HOUSTON — Houston Police Chief Art Acevedo called lenient punishment for certain DWI offenders “outrageous” Friday while Harris County District Attorney Kim Ogg’s office said it’s the “right thing to do” in the vast majority of cases.
The comments from the two public safety agencies follow a KHOU 11 investigation that revealed in Harris County, most drunk drivers who had kids in the car made plea deals with prosecutors to avoid jail time.
“We need to take DWIs much more seriously, and there has to be consequences,” Chief Acevedo said.
KHOU 11 Investigates analyzed more than 300 DWI with child passenger cases from January 2017 to September 2019. The offense is a felony punishable by up to two years in a Texas state jail. But since Kim Ogg took office as Harris County District Attorney, nearly two-thirds of those cases, 65 percent, ended in probation. According to court records, the district attorney’s office did not take a single case to trial during that time.
“When children’s lives are being placed at risk by irresponsible parents, some jail time is important because I think it has a deterrent effect,” Acevedo said.
The probation cases include drivers who were involved in multi-vehicle accidents, drivers who were so drunk they could not stand up, and drivers who were charged with other DWI’s after they received probation.
“Probation can ensure people are monitored for much longer periods of time,” the Harris County District Attorney’s office said in a written statement.
The statement also said certain offenders can be held accountable and also rehabilitated, and every case is unique and considered individually.
“We are not sending people to state jail in some of these cases when they can be treated and counseled to become productive members of society, and families are kept together,” the district attorney’s statement said.

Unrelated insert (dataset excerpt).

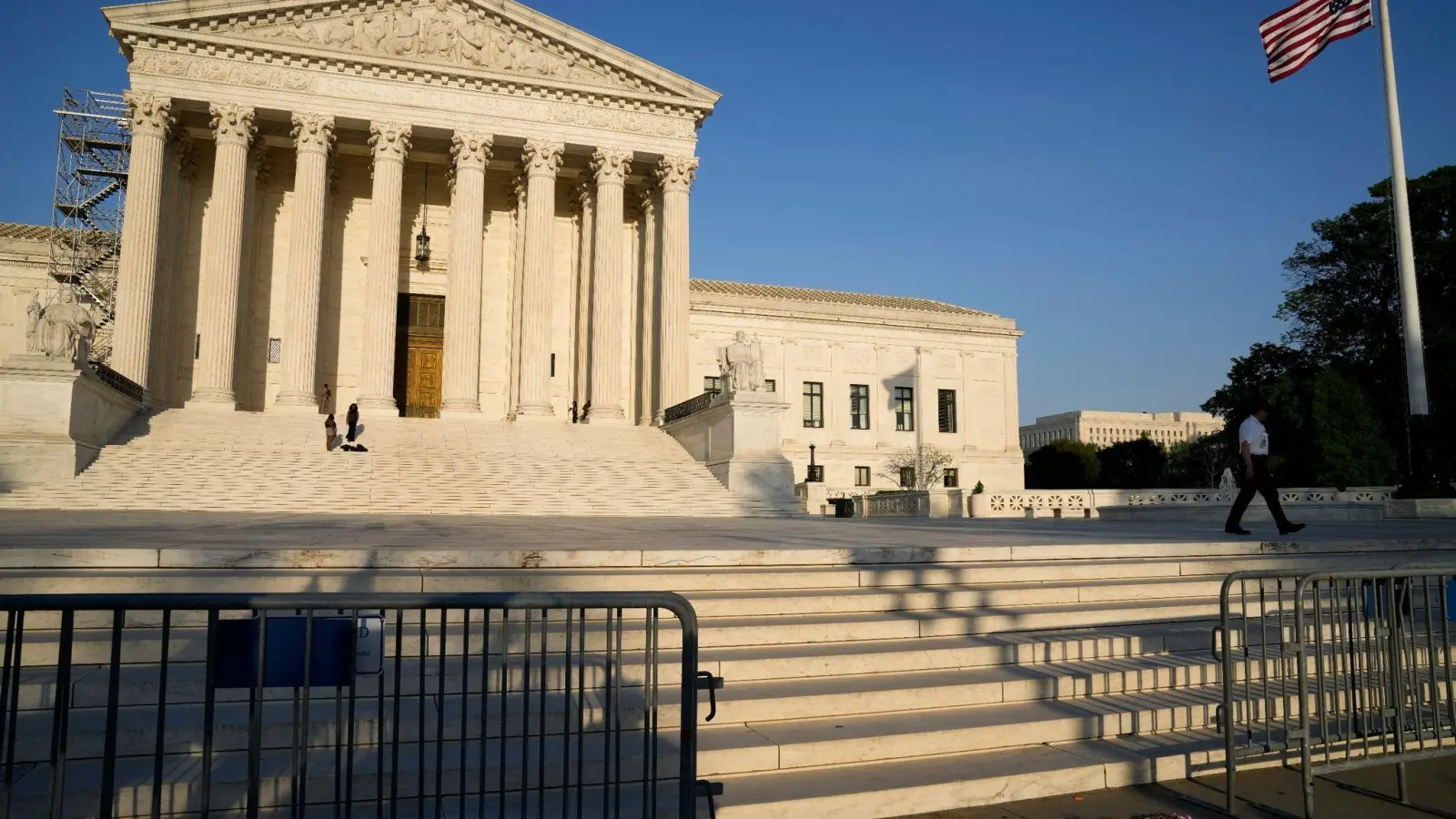 Der Supreme Court der USA hält den Zugang zu einem Abtreibungsmedikament aufrecht. (Foto: Jacquelyn Martin/AP/dpa)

In a sit-down interview at Houston Police headquarters down, Chief Acevedo said there’s a clear distinction between drivers who test at or near the legal limit of .08 blood alcohol content, and those who blow two, three times over or are involved in an accident. In those cases, he said, jail time is warranted to send a strong message.

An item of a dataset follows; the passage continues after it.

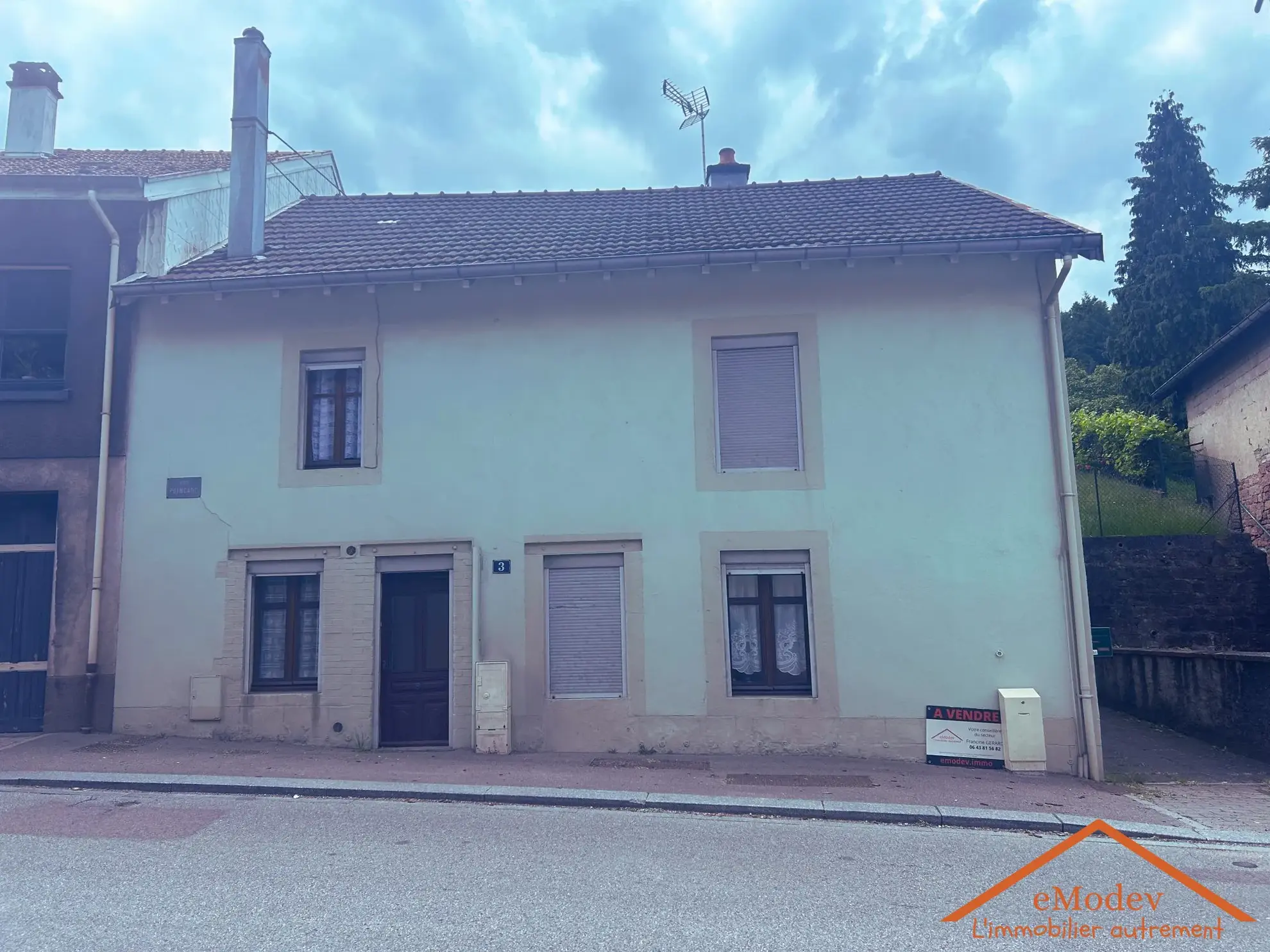 Maison de 1920 à rénover à Bruyères avec grand terrain et potentiel d'extension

“It doesn’t have to be a year for the first time offender, but when you put somebody in a county jail for 30 days, it gives you something to think about, so the next time they go out and decide to drink they don’t drive," he said.
Acevedo said the plea deals offered by prosecutors are especially frustrating given that HPD’s arrest numbers for all DWI offenses are up 96 percent over the past three years.
“We’re doing our part as a police department,” Acevedo said. “It’s time for everyone else, from the DA’s office, to the judges, to the juries, to do their part.”